Life On The Border

Wouldn't it be lovely to add another upbeat and cheery blog to the world? Don't hold your breath. You'll get what I get: sometimes great, sometimes crap. It's a rollercoaster ride with Sybil at the switch, so hold on to your shorts! If you have questions you want answered in a future post, feel free to ask in the comments section, and I'll do my best to accommodate you. No two days are the same~some days I'm here, some days I'm not, but lemme tell ya, kids, IT'S NEVER DULL!

Wednesday, April 12, 2006

Like Sands Through The Hourglass......

In the hopes that we would find a way of cohabitating in a more comfortable and orderly fashion, my husband and I presented "the girl" and my son with a list of house rules. Our thinking here was similar to that of training a dog: if you give firm, clear guidelines, everyone is happy, right? Everyone knows exactly how to behave, and what's acceptable. HA!

Wow, did the shit hit the fan. Apparently, giving rules to teenagers does NOT make one popular. Telling them that it's unacceptable to spend hours spooning on each others' beds makes them cranky. And to tell a 19-year-old who has spent four months lounging on your good nature, baking brownies and watching tv, to get a second job so that she can become self-sufficient is absolutely OUTRAGEOUS!!!!! I don't know where my head was!

Of course, this is all my fault. I'm completely out of line. And as such, she has begun to tell him so, spending hours doing her "Moony--Scientology--Demon" spell, spinning tales of my wickedness, and her terrible, terrible fate. Life has dealt her a terrible blow.

Last night was the worst of it: my husband walked into the family room, to find them on the sofa. My son was sitting on the sofa and she had backed onto his lap, and was rubbing back and forth, dry-humping him. Needless to say, my husband is NOT A HAPPY CAMPER. He wanted to toss her out right there, as one of the rules was to keep that shit to a minimum. I figure...the boy is perfectly capable of saying, "get off me", and he might have, but it accidently came out as, "get me off".

At this point, I think she should take pity on the poor bastard and just fuck him already.

The rules were basically: stay out of each others' rooms, stop leaving the kitchen a damned mess, stop making full meals an hour before I make dinner, look for a job on your days off (she works two days a week and lays on her ass the rest of the time; leave him alone while he does his homework (she tries to do it for him, or harasses him while he does it and he really is too polite to say anything; stay out of our business when we're talking to him; let him make his own decisions regarding college; let him do his own time plans for homework, chores, etc on weekends; expect to have chores (him) on weekends; stop UNtraining my damned dogs. That was it. Now are these out of line? I don't freakin' THINK so.
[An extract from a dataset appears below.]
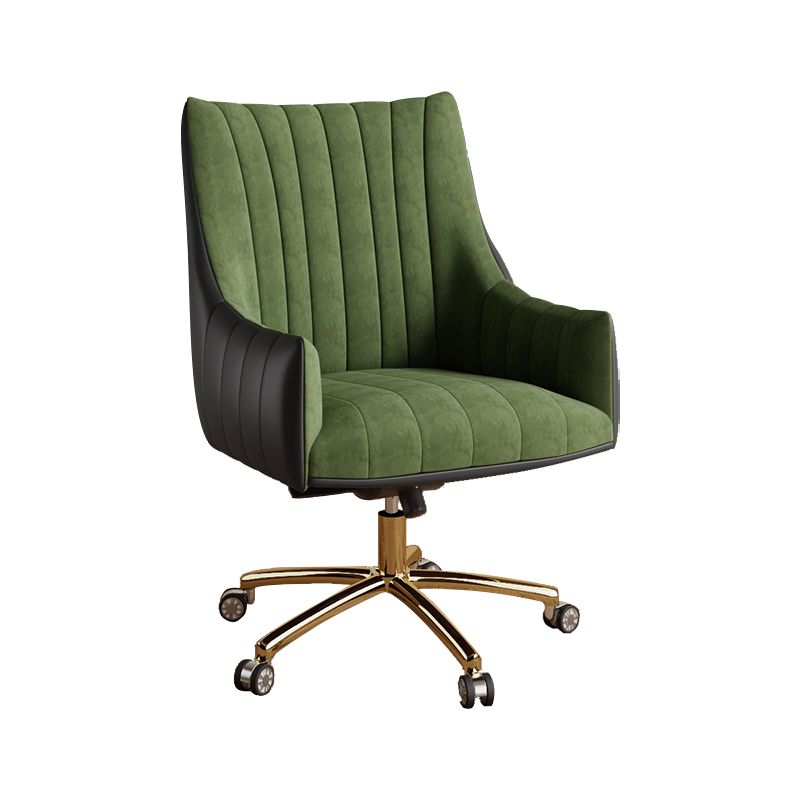 Chaise pivotante moderne chaise de bureau de hauteur de siège réglable sans bras avec roues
I believe I need to do what one reader/friend of mine said: make it so miserable for her that she can't wait to leave. Who would have believed I'm too nice to do it????

4 Comments:

Blogger razorbeck said...

UMMM Bo your son is a long way from being innocent here. if he really minded her doing the things she does, he wiukd say something polite or not. So my guess he quite enjoys the attention especially if it provides the added benefit of enraging the "rents". its him you need to work on not her, atleast him you have a hope, she will continue to do whatever she can get away with. And by get away with i mean get away with from him

2:54 PM  
Blogger Meggy said...

True ... although he hates conflict of ANY sort.

Likes the other stuff though, I'm sure!

3:10 PM  
Anonymous Anonymous said...

Maybe you could contact these people and see if they have a similar program in your area?

http://daymark.org/programs.htm#newconnections

6:25 AM  
Blogger Meggy said...

I did check into it, and there are a couple programs here that are similar; thanks for your advice.

She is currently buying up furniture and crap for an apartment, but says she wants to pay off her back student loan and get her transcript so she can get enrolled in school BEFORE she becomes independent; obviously, we have a different set of priorities....

We're definitely living in a "cold war" home right now.